From the Archives: Students Defy Regime With March in Beijing
BEIJING -- Tens of thousands of students took to the streets of the capital today, defying martial law with a boisterous call for democracy and demanding that Premier Li Peng resign, just as he and other hard-line Communist Party leaders were mounting a chilling ideological crackdown.
“End martial law, demand human rights!” and “Li Peng, step down!” read large red banners hoisted by the marchers, who snaked through the city along several routes.
At one point, the protesters passed Tian An Men Square, the ceremonial center of the nation. The square has been occupied for the past 15 days by thousands of students who dug in after staging a one-week hunger strike and have so far resisted rising government pressure to disperse.
Cheered by Onlookers
Far fewer ordinary citizens joined the students than in several massive demonstrations over the past two weeks, but those who lined the route cheered and flashed victory signs. Passengers stranded on buses that were trapped by the rally at a major intersection leaned out their windows and clapped in approval.
“This is what is in the people’s hearts,” said a man in his mid-30s who smoked a cigarette as he watched from a curb.
One group of students carried brooms and a banner saying they would clean up corruption in government--along with the garbage strewn about Tian An Men Square.
Earlier in the day, students were posing for snapshots in front of the Monument of the People’s Heroes at the center of the square, as though they were preparing for the whole scene to become a memory. A cluster of protesters gathered around a poster denouncing Li Peng’s wife and son for corruption. Among her alleged crimes were getting drunk one evening at the Great Wall Hotel, and having a swimming pool built.
At the same time, army troops encircled Beijing and awaited orders to belatedly enforce a May 20 martial-law decree following a major power struggle in the Chinese leadership that apparently resulted in the purge of Communist Party General Secretary Zhao Ziyang and others sympathetic with the pro-democracy squatters in the plaza.
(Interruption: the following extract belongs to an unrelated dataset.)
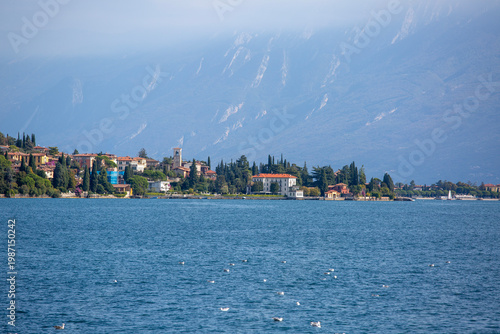 View from the water of a lovely village on Lake Garda, Toscolano Maderno, Italy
Responding to a tense and increasingly hopeless situation, student leaders proposed Saturday that they withdraw from the square after making a final show of strength with major rallies today and Tuesday. It was not clear whether the students felt they had already achieved sufficient results or decided they must abandon the protest to avoid a violent confrontation with authorities.
In a conflicting strategy, however, representatives of another student faction distributed leaflets on the campus of Beijing University calling for a renewed hunger strike in front of the Great Hall of the People, on the square, and before the gates of Zhongnanhai, the exclusive residential compound of top party leaders. The leaflet also escalated demands to include revision of China’s constitution.
Within One-Party System
Until now, student activists have been careful to emphasize that they want to work exclusively within the one-party Communist system while demanding free speech, an attack to official corruption and an open dialogue with the government. They were furious at being branded by an official party editorial as unpatriotic and causing turmoil.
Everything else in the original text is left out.